Sunday, August 27, 2023

An outstanding day from my point of view

 


This is Pete the Gecko (I just named him and have no idea why I thought Pete was appropriate). Pete was made by mosaic artist Susan Swaim, an old friend, and is part of my drive to have art in the cottage with some meaning to me—often, because it was done by artists I care about. Suzi used to babysit my kids when they were young, tonight we decided it was pre-school. In recent years I’ve seen her mosaic art online, and when I saw the first few geckos she did I thought vaguely that I wished I could have one. This year, as my birthday approached, I realized there was no good reason I couldn’t give myself one as a birthday present—and I commissioned it. The neat thing is that Suzi incorporated a bit of my jewelry that I sent her—can you find the rose on Pete’s back? Came from a necklace I no longer wear, and a couple of other pieces came from things I had. Pete will hang just to the right of my desk—there’s a nice blank piece of wall waiting for him.

Look at Suzi’s work at Facebook She calls her studio my mosaic mojo.

Suzi delivered Pete in person tonight. I probably haven’t seen her in over thirty years, so it was a great catch-up time. Her mom was a friend of mine way back in TCU days and came from three generations of a family deeply involved with TCU, so we talked a lot about her mom and being in the eighties and TCU and just lots of stuff. Went to Lucile’s, which is a favorite of mine, and I got the lobster roll I’d been wanting. A thoroughly enjoyable evening with lots of laughter.
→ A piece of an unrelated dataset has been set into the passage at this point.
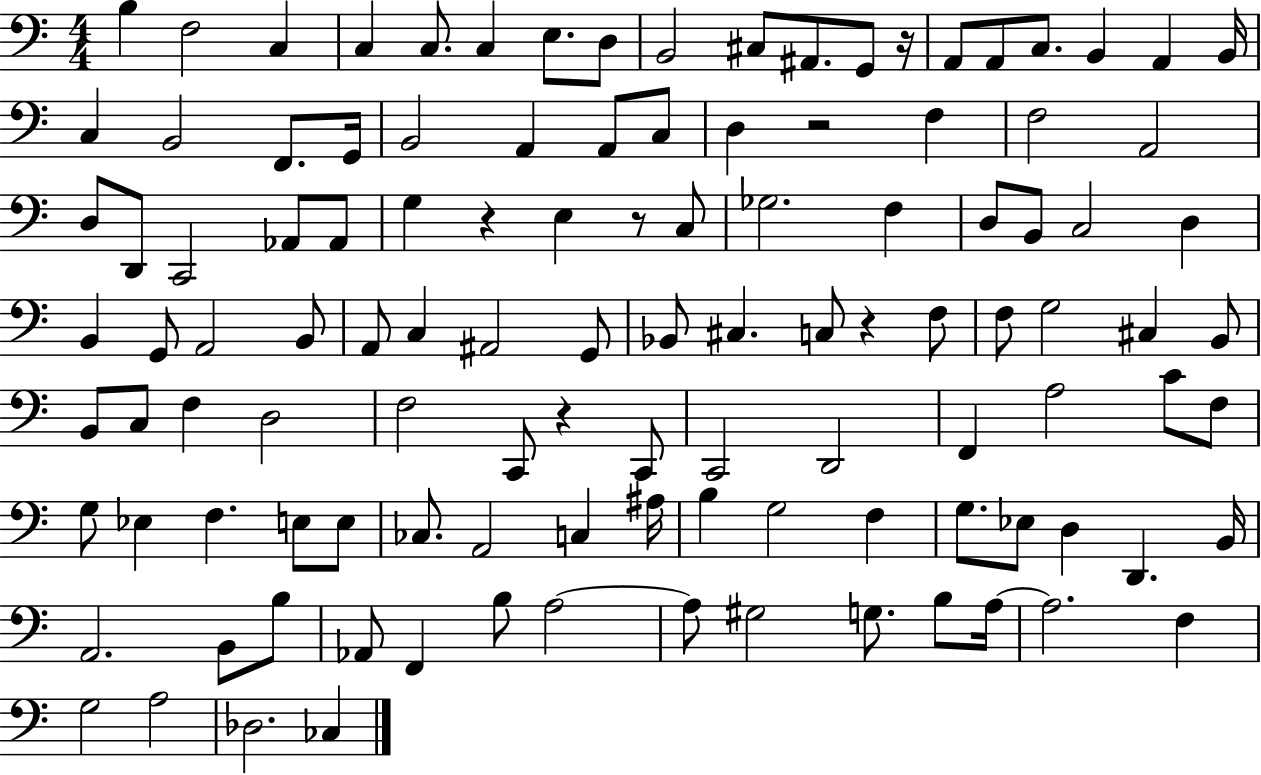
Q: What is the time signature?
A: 4/4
It was a rare out-of-the-cottage day for me. Christian and I went to church this morning. Russ’ sermon was on the parable of Jesus telling the lame man to pick up his bed and be healed, and the sermon dwelt on the question Jesus asked the man: “Do you really want to be healed?” The point was that a lot of us cling to our problems, imperfections, even illnesses because they are comfortable. Much as we rail against them, we know how to deal with them. Being “healed,” represents a great unknown. Russ finally asked the question, “Do you want to move out of your comfort zone?” and I wanted to say, “I’m here, aren’t i? I’m in church and not watching in the cottage.”

Two outings in one day was a big deal for me, although that makes my life sound constricted, which is not the way I feel about it at all. I am always torn between a conscience that prods me to get out in the world and the lure of the comfort of my cottage. I used to have such an active, busy life, and now I’m so content in my cottage that I have to gear myself up to go out. Once I do, however, I’m glad to have done it. So thanks to Christian and Suzi for getting me out of my comfort zone. I think this whole recluse business crept up on me with pandemic and quarantine. And then I think about how many lives were forever changed by that traumatic period. Not just the illness and death, but the social changes, the work-from-home changes, the stay-at-home dinners instead of patronizing favorite restaurants. I think in many ways we are still reeling from the results of that social upheaval. And now, here comes another onslaught of covid

On the bright side, it is cool tonight, eighty as I write about nine-thirty. There was a good shower to the south of us, but we’ve had no rain so far. Still, the air smells like rain, and I am ever hopeful. I know the nineties is hot but compared to what we’ve had, it will seem pleasant. Let us count our blessings as we sail into a new week.

2 comments:

Susan Swaim said...

Judy, thanks so much for the acknowledgment. I thoroughly enjoyed our evening together and the many reminiscences about the past. You are a gem of a friend and I am happy for the fortune you have in your life with family so close to you and supportive. Let's dine again soon!

Judy Alter said...

It was a lovely evening and fun catching up. I look forward to another dinner soon. Thanks.